> _Task objective_
Write out the records below from the first line through the line containing "If the fault", leaving out any pictures.

> _Saved entries_

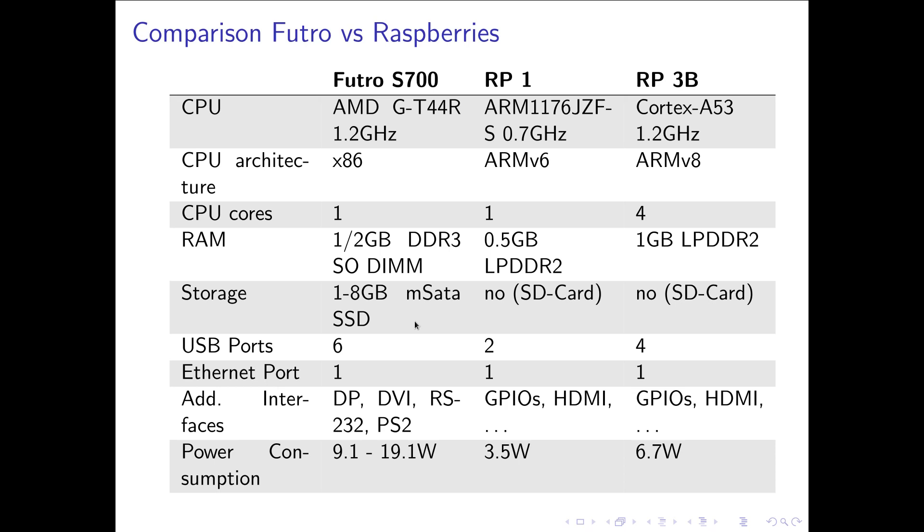But you can expand the RAM with bigger mSATA SSDs. For 10 to 15 euros you will get a 16 gigabyte mSATA SSD which should be enough for your system. And you can even get mSATA to SATA adapters and use normal drives with this thin client. For the Raspberry Pis you have to use an SD card for storage.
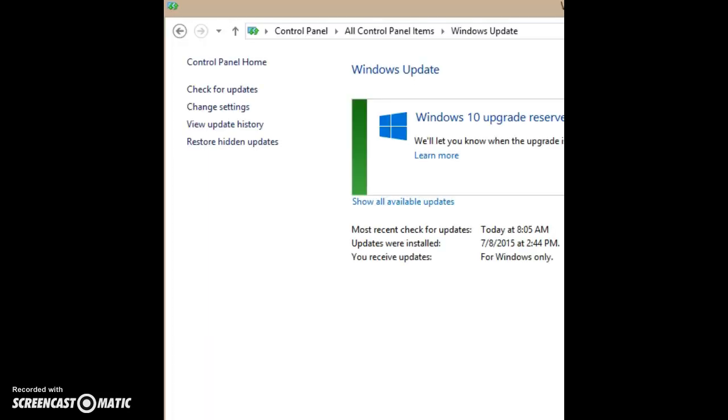On the left-hand side of the Windows Update page, you want to find View Update History and click on that.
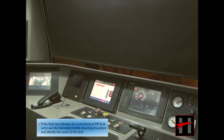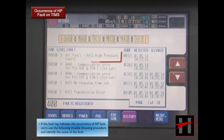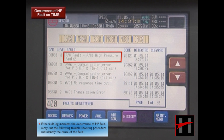If the fault log indicates the occurrence of an HP fault, carry out the following troubleshooting procedure and identify the cause of the fault.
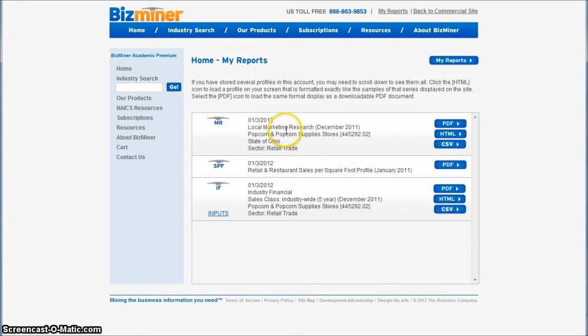So here we have a local market research report. Click the PDF there. Once again, it's going to be a similar kind of report for the popcorn industry as well.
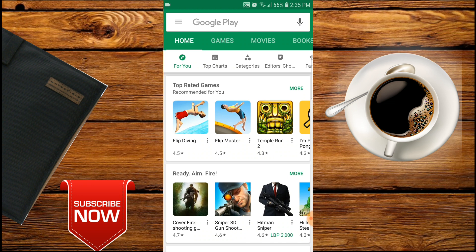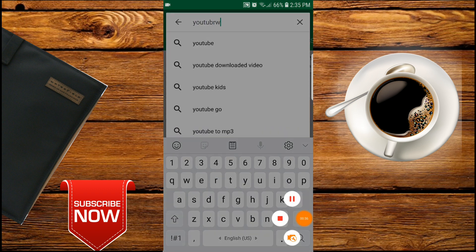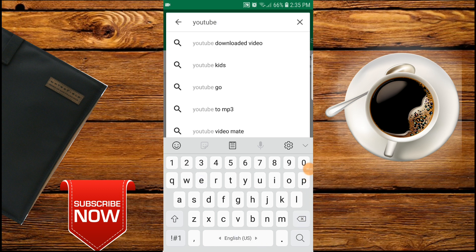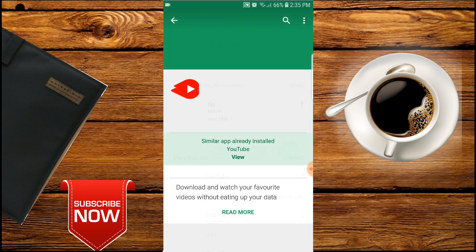Right now I have a Samsung with me, so I'm here in the Play Store. I need to search for YouTube Go. It's already installed — I already installed this application called YouTube Go.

> _Response for this exercise_
But you can expand the RAM with bigger mSATA SSDs. For 10 to 15 euros you will get a 16 gigabyte mSATA SSD which should be enough for your system. And you can even get mSATA to SATA adapters and use normal drives with this thin client. For the Raspberry Pis you have to use an SD card for storage.
On the left-hand side of the Windows Update page, you want to find View Update History and click on that.
If the fault log indicates the occurrence of an HP fault, carry out the following troubleshooting procedure and identify the cause of the fault.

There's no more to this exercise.